AIM OF THE EXERCISE »
Please repeat the whole listing exactly, but leave out any picture it holds.
*** Opening of EXERCISE DATA ***
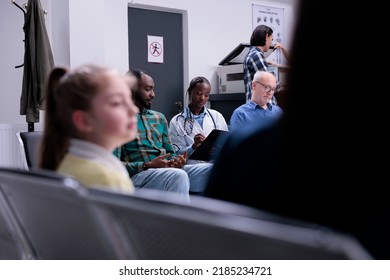 Diverse People Waiting In Private Clinic While Hospital Medic Is Asking Medical Questions In Waiting Room. Selective Focus On African American Doctor With Stethoscope Completing Form For Patients.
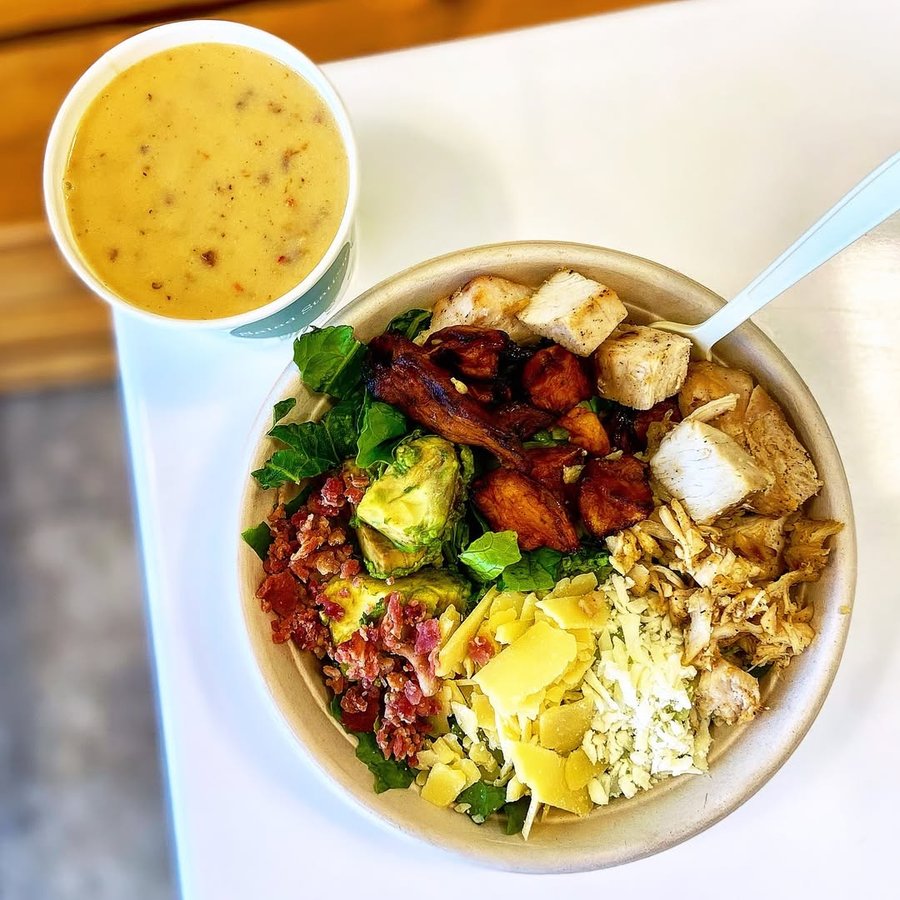 Instagram post by @lynniethefoodie for Salad Station. Caption reads: [...] my fix of greens and protein from....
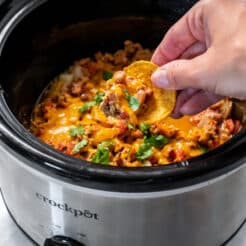 Healthy Crockpot Chili Cheese Dip is packed with protein and fiber to make a lower calorie appetizer.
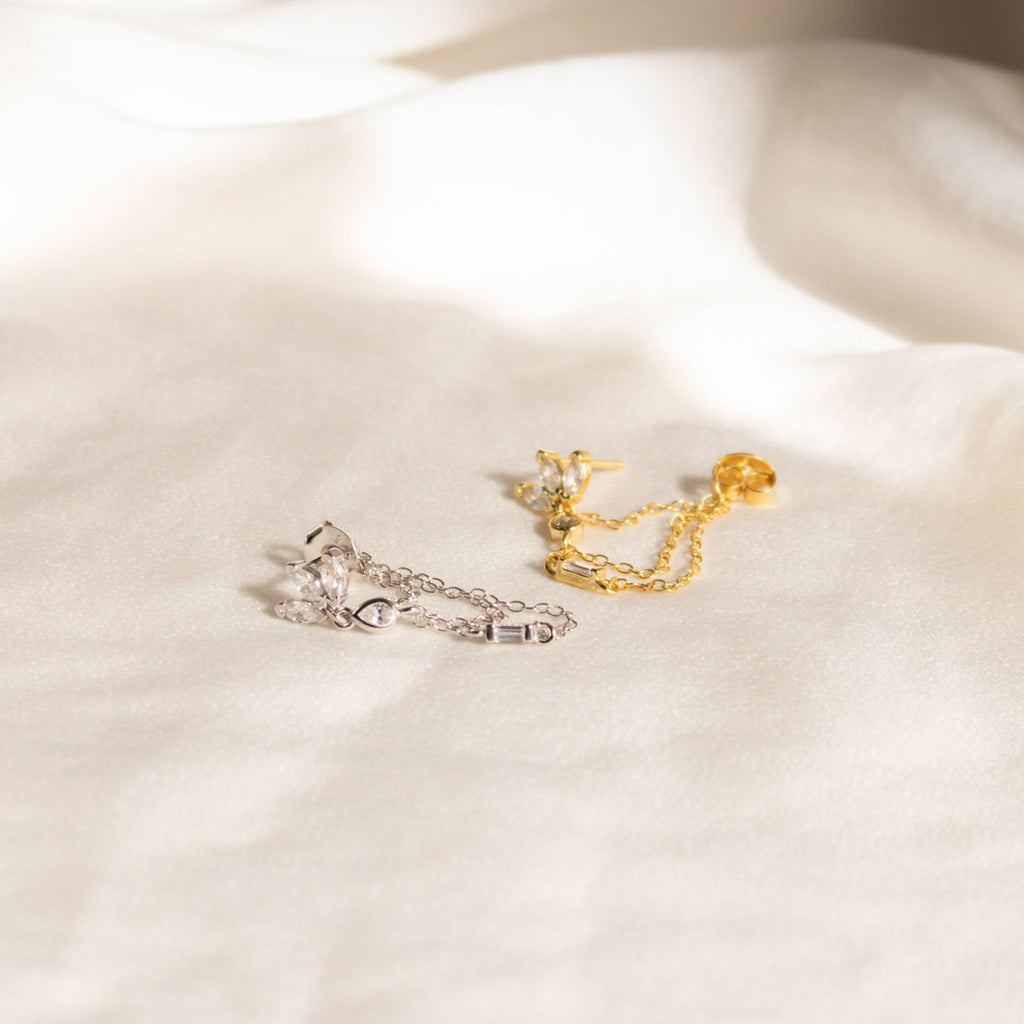 Genesis Chain Earrings in gold and silver, adorned with gemstones, make a stunning statement and are elegantly displayed on a soft white fabric background.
*** Close of EXERCISE DATA ***
SOLVED PROBLEM »
 Diverse People Waiting In Private Clinic While Hospital Medic Is Asking Medical Questions In Waiting Room. Selective Focus On African American Doctor With Stethoscope Completing Form For Patients.
 Instagram post by @lynniethefoodie for Salad Station. Caption reads: [...] my fix of greens and protein from....
 Healthy Crockpot Chili Cheese Dip is packed with protein and fiber to make a lower calorie appetizer.
 Genesis Chain Earrings in gold and silver, adorned with gemstones, make a stunning statement and are elegantly displayed on a soft white fabric background.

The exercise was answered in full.